Back in March, the Government Accountability Office (GAO) had this to say [page 129] about duplication of efforts in fighting homelessness:
According to the Department of Housing and Urban Development (HUD), approximately 643,000 individuals and persons in families experienced homelessness on a single night in January 2009. [the graphic above shows other numbers, but it's less than a million homeless, I believe - WJS] Multiple federal programs provide assistance targeted to those experiencing homelessness or more broadly assist low-income populations. GAO reported that in 2009 federal agencies spent about $2.9 billion on over 20 programs targeted to address the various needs of persons experiencing homelessness. Some federal programs may offer similar types of services and serve similar populations, potentially leading to overlap or fragmentation.

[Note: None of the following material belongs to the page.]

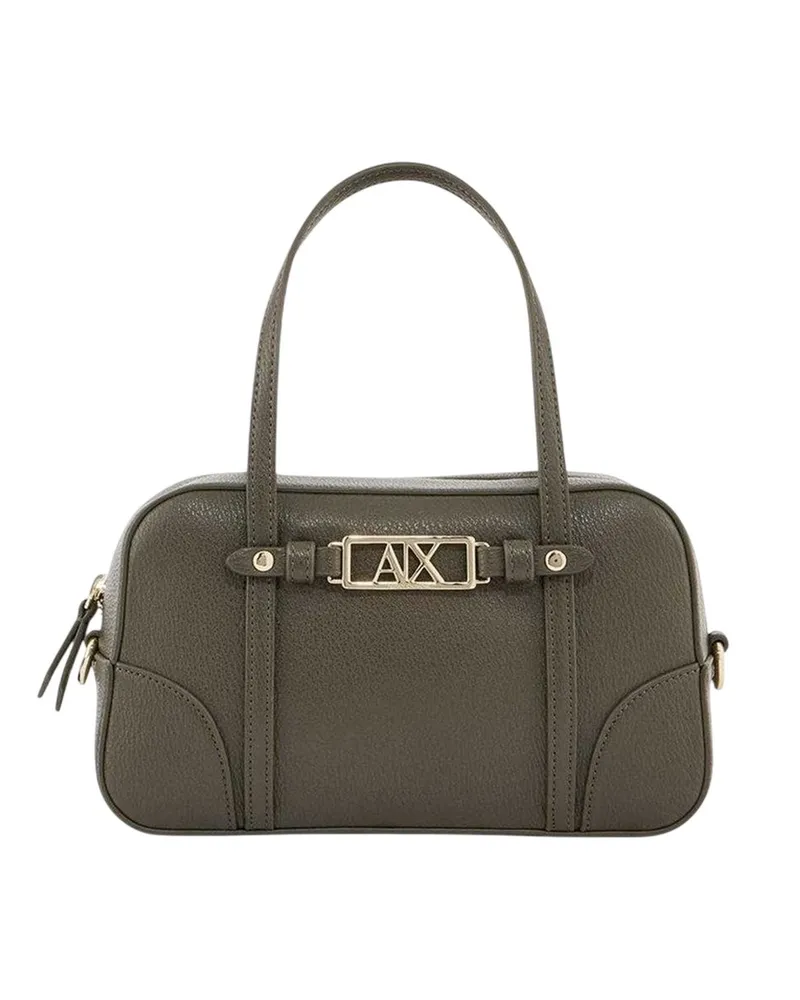 Armani Exchange Umhängetasche für Damen , Metal Logo (Dunkel-Khaki Khaki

In June 2010, GAO recommended that the Departments of Education, Health and Human Services (HHS), and HUD develop a common vocabulary to better coordinate homeless services. GAO also recommended in July 2010 that HUD and HHS consider more formally linking their housing and supportive services programs. The agencies concurred with these recommendations and to date have taken some actions to address them.I realize that there are programs at the state and local level as well, but the fact that we spend around $3 billion dollars on homelessness is a tragedy in and of itself. Spending $10 billion dollars would be a great place to start. If this kind of money was invested in solving the problem--not just temporarily housing people but actually helping to correct the problems and issues that cause their homelessness--we could eventually spend less money on the problem (since prevention and solving the problem itself are worthy goals.)

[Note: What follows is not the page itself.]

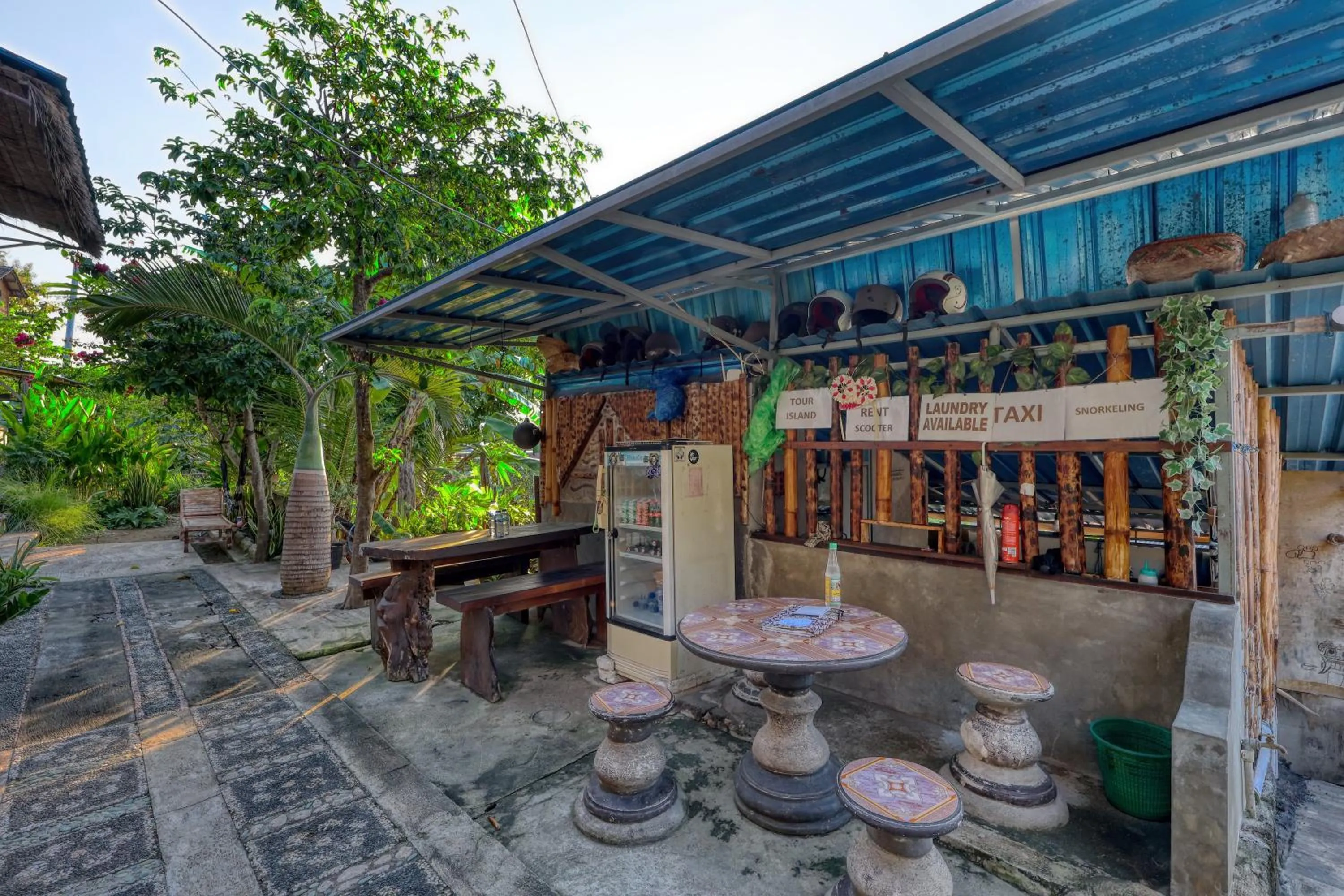 Lobby or reception in Bagus Cottage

Arguing that we don't have the money is a specious argument. We need to spend more money fighting homelessness in order to avoid having to spend money on health care costs related to being homeless. There's no reason why investing in a solution to homelessness couldn't benefit our economy. If you stabilize one person's life and get them on the right path, their contributions back into society are more than worth what you invested in helping them.